4.1. Heterogeneity of Pore Structure

Superimposing the pore size distribution curve and fractal dimension fitting curve of MICP, we can find that the fractal curves of laminated shale and layered shale in Dongying Sag have the characteristics of four zones. Taking sample F-1 as an example (Figure 12a), with the increase in the mercury injection pressure, mercury first enters the pores which are sized greater than 21.435 μ m and fractures. Subsequently, mercury saturation increased less in the pore size range of 0.268~21.435 μ m , indicating less development of macropores. With a further increase in the mercury injection pressure, mercury saturation increases greatly in the pore size range of 0.009~0.268 μ m , indicating that mesopores are widely developed. Eventually, the mercury enters pores sized smaller than 0.009 μ m . The fitting results of the fractal dimension of nitrogen adsorption at different pressure stages is shown in Figure 13. The fractal dimensions of different zones of selected samples are shown in Table 2.
The fractal dimension (D) of fractures ranges from 2.577 to 2.838, with an average of 2.742. The D of macropores is 2.046~2.192, with an average of 2.092. The D of mesopores is 2.260–2.955, with an average of 2.554. The D of micropores ranges from 2.414 to 2.689, with an average of 2.487. The correlation coefficients (R2) are more than 0.95 (Table 2). The heterogeneity of the shale reservoir space structure is generally strong. Among them, the heterogeneity of fractures is the highest. The heterogeneities of mesopores and micropores are medium, and the pore structures are relatively complex. Macropores are more homogeneous and have a simple structure.

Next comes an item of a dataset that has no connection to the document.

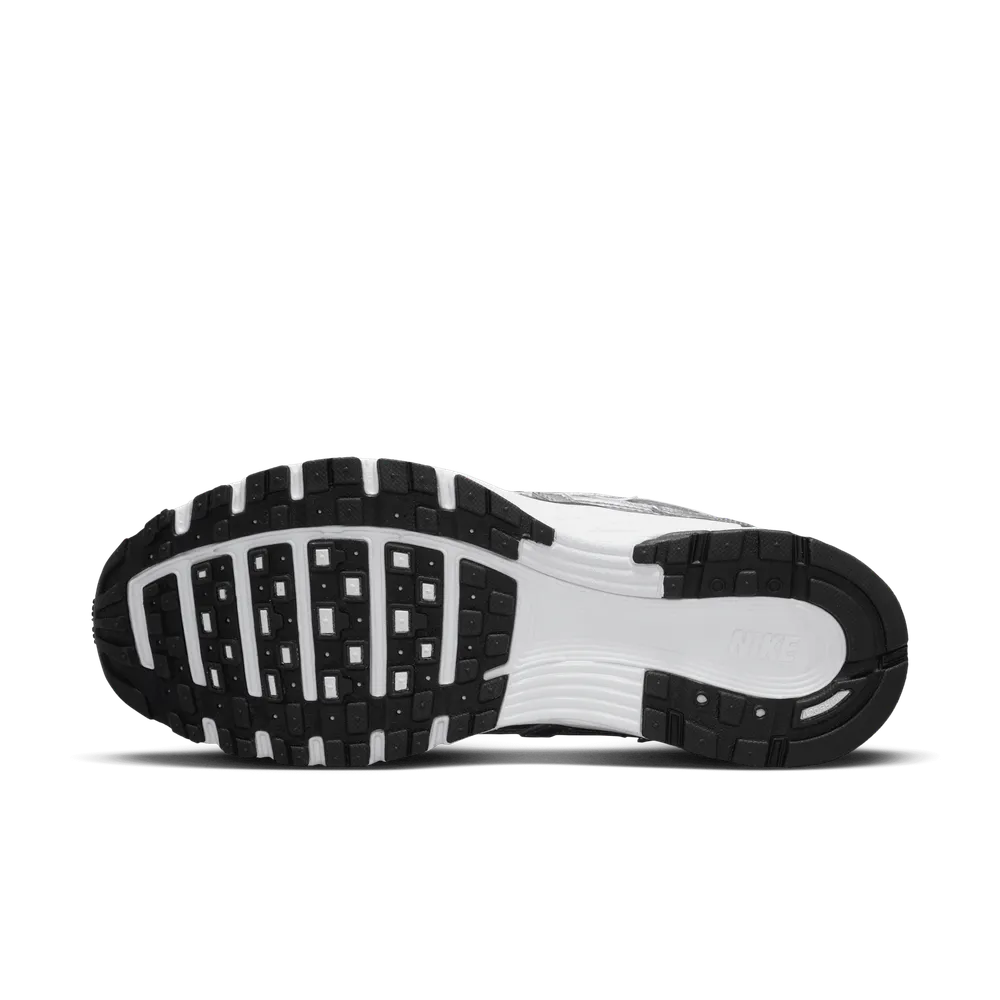 919195_Nike-P-6000_METALLIC-SILVER_FD9876-101_img1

4.2. Heterogeneity of Pore Structure of Shales with Complex Lamina Structure

There is a strong difference in the heterogeneity of the micro–nanopore and fracture system between laminated shale and layered shale. Overall, the heterogeneity of fractures and mesopores is the strongest, micropores have a medium heterogeneity, and the structure of macropores is simple and relatively homogeneous. The heterogeneity of fractures in mixed shale and calcareous shale is similar, with slightly weaker heterogeneity in macropores, significantly stronger heterogeneity in mesopores, and slightly stronger heterogeneity in micropores compared to calcareous shale (Figure 14a). The heterogeneity of macropores and micropores is similar between laminated shale and layered shale. The heterogeneity of fractures in laminated shale is weaker than that in layered shale, but the heterogeneity of mesopores in laminated shale ( D H 3 on average 2.647) is significantly stronger than that in layered shale ( D H 3 on average 2.400) (Figure 14b).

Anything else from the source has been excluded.